For a business owner, the practical question is simple. If revenue falls sharply tomorrow, can payments fall with it, or will the funder still demand the same dollars on the same schedule with default remedies waiting in the background? That answer usually tells you how a court will view the agreement.

Navigating State MCA Laws Especially in Connecticut

A Connecticut business owner can lose an MCA dispute even before the court reaches the true-sale-versus-loan fight. I see that happen when the contract looks polished, the withdrawals start, revenue drops, and only then does anyone check whether the provider followed state registration and disclosure rules. By that point, the compliance file matters almost as much as the contract.

State law changes the pressure points in these cases. Some states focus on disclosures. Others require registration and regulate how providers market and collect these products. Those rules do not answer the recharacterization question by themselves, but they often shape settlement value, injunction requests, and how much room the funder has to enforce aggressively.

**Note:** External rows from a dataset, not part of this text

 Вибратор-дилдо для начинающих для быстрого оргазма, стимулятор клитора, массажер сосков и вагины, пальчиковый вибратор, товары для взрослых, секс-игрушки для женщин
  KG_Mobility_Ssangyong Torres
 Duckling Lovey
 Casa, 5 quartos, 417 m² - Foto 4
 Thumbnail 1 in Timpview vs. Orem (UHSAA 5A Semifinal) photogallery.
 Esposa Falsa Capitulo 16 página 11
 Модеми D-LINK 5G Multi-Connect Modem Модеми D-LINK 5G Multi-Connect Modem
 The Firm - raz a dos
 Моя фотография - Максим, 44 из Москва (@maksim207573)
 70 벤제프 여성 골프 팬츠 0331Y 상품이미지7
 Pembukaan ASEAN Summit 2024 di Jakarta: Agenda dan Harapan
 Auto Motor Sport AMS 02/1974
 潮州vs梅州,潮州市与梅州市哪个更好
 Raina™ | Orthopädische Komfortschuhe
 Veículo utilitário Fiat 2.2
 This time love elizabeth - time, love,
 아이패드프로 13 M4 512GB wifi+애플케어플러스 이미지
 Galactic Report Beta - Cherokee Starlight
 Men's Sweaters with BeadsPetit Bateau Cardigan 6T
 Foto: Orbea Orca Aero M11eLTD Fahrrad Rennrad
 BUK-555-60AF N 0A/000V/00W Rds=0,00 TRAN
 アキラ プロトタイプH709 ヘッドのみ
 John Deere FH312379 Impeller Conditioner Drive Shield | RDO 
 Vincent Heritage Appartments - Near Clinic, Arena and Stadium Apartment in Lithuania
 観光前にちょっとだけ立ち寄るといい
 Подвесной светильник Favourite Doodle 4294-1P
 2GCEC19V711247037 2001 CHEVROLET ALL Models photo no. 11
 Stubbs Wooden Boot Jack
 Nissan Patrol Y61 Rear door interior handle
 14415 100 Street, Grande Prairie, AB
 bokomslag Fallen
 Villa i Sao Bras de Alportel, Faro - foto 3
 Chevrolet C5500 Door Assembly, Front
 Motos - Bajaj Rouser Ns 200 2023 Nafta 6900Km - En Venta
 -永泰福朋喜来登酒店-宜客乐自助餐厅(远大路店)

The historic Connecticut State Capitol building features a golden dome and intricate architectural details under a clear sky.

California and Connecticut take different routes

California has built a disclosure-focused system for commercial financing and also restricts unfair, deceptive, or abusive conduct. That means an MCA provider can face regulatory exposure even if it drafted the agreement to look like a receivables purchase.

Connecticut uses a registration-and-disclosure model. MCA providers doing business there must register with the banking commissioner and provide defined disclosures about the transaction's economics, including the amount provided, how repayment works, and broker compensation, as described in this review of MCA disclosure laws and non-compliance risks.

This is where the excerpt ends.